Pascal, Pensamentos
Examinemos, pois, esse ponto, e digamos: Deus é, ou não é. Mas, para
que lado penderemos? A razão nada pode determinar ai. Há um caos
infinito que nos separa. Na extremidade dessa distância infinita,
joga-se cara ou coroa. Que apostareis? Pela razão, não podeis fazer nem
uma nem outra coisa; pela razão, não podeis defender nem uma nem outra
coisa.
Não acuseis, pois, de falsidade os que fizeram uma escolha, pois
nada sabeis disso. "Não: mas, eu os acusarei de terem feito, não essa
escolha, mas uma escolha; porque, embora o que prefere coroa e o outro
estejam igualmente em falta, ambos estão em falta: o justo é não
apostar".
Sim, mas é preciso apostar: isso não é voluntário; sois obrigados
a isso; (e apostar que Deus é, é apostar que ele não é). Que tomareis,
pois? Vejamos, já que é preciso escolher, vejamos o que menos vos
interessa: tendes duas coisas que perder, o verdadeiro e o bem, e duas
coisas que empenhar, vossa razão e vossa vontade, vosso conhecimento e
vossa beatitude; e vossa natureza tem duas coisas que evitar, o erro e a
miséria. Vossa razão não é mais atingida, desde que é preciso
necessariamente escolher, escolhendo um dentre os dois. Eis um ponto
liquidado; mas, vossa beatitude?
Pesemos o ganho e a perda, preferindo coroa, que é Deus.

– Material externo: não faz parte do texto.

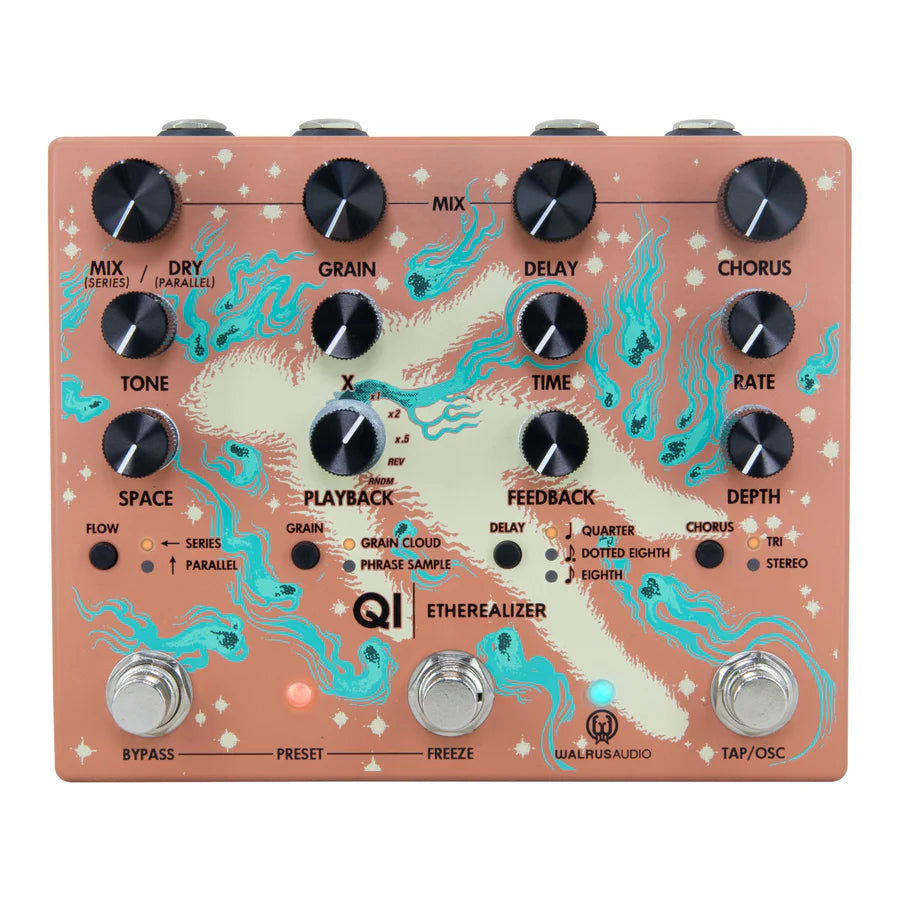 The image shows the Walrus Audio Qi ETHEREALIZER guitar effects pedal in coral with turquoise and white flowing designs. It has 12 knobs in three rows controlling mix, grain, delay, chorus, tone, time, rate, and more. Small switches select modes like flow (series/parallel), grain effects, delay, and chorus types. Three footswitches labeled BYPASS, PRESET, and FREEZE, plus a TAP/OSC function and LED indicator, complete the high-end multi-effect pedal designed for ambient, textured sounds.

Estimemos as duas hipóteses: se ganhardes, ganhareis tudo; se perderdes,
nada perdereis. Apostai, pois, que ele é, sem hesitar. Isso é
admirável: sim, é preciso apostar, mas, talvez eu aposte demais.

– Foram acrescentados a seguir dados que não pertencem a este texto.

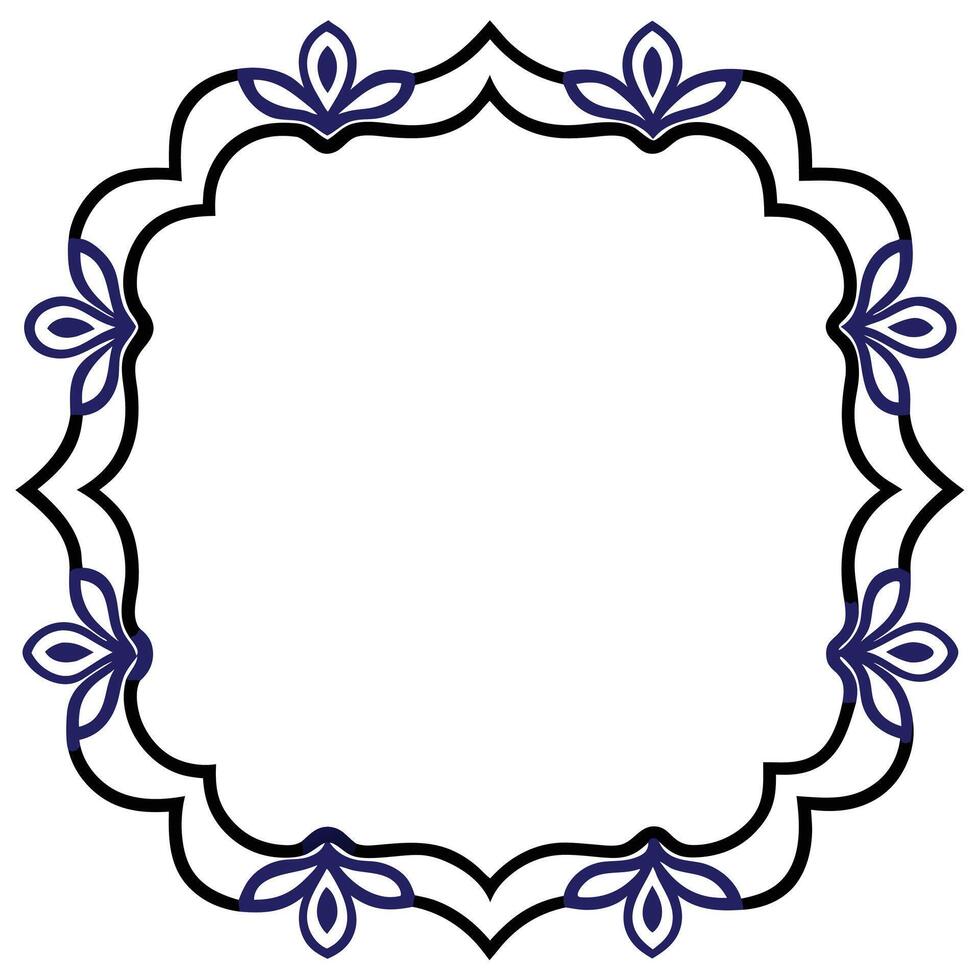 Elegant floral frame illustration with dark outline and navy blue accents on white vector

Vejamos. Uma vez que é tal a incerteza do ganho e da perda, se só
tivésseis que apostar duas vidas por uma, ainda poderíeis apostar. Mas,
se devessem ser ganhas três, seria preciso jogar (desde que tendes
necessidade de jogar) e seríeis imprudente quando, forçado a jogar, não
arriscásseis vossa vida para ganhar três num jogo em que é tamanha a
incerteza da perda e do ganho. Há, porém, uma eternidade de vida e de
felicidade; e, assim sendo, quando houvesse uma infinidade de
probabilidades, das quais somente uma fosse por vós, ainda teríeis razão
em apostar um para ter dois, e agiríeis mal, quando obrigado a jogar,
se recusásseis jogar uma vida contra três num jogo em que, numa
infinidade de probabilidades, há uma por vós, havendo uma infinidade de
vida infinitamente feliz que ganhar. Mas, há aqui uma infinidade de vida
infinitamente feliz que ganhar, uma probabilidade de ganho contra uma
porção finita de probabilidades de perda, e o que jogais é finito. Jogo é
jogo: sempre onde há o infinito e onde não há infinidade de
probabilidades de perda contra a de ganho, não há que hesitar, é preciso
dar tudo; e, assim, quando se é forçado a jogar, é preciso renunciar à
razão, para conservar a vida e não arriscá-la pelo ganho infinito tão
prestes a chegar quanto a perda do nada.